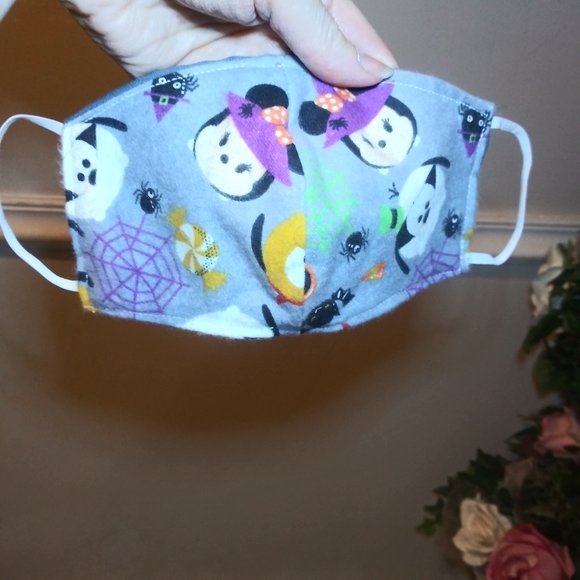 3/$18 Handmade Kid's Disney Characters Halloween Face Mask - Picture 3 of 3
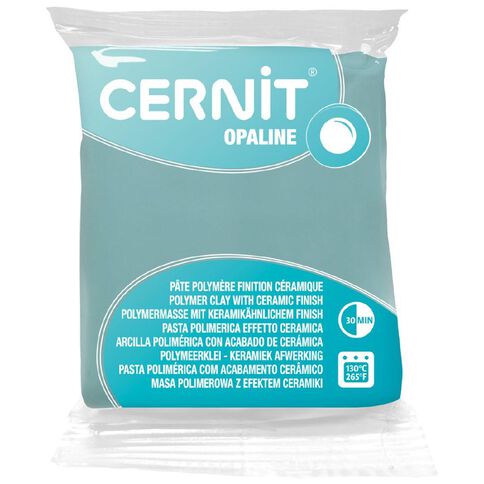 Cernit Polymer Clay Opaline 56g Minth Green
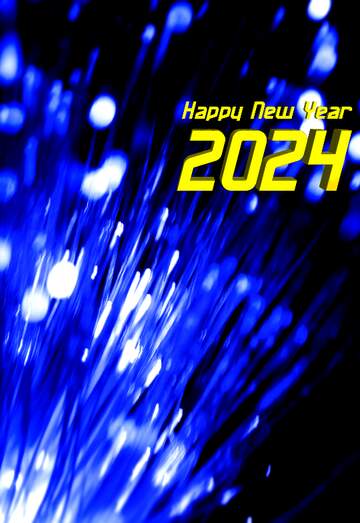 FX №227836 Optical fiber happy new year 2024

#### WHAT IS EXPECTED
Give back the whole listing exactly; no pictures.

#### EXERCISE ANSWER
 3/$18 Handmade Kid's Disney Characters Halloween Face Mask - Picture 3 of 3
 Cernit Polymer Clay Opaline 56g Minth Green
 FX №227836 Optical fiber happy new year 2024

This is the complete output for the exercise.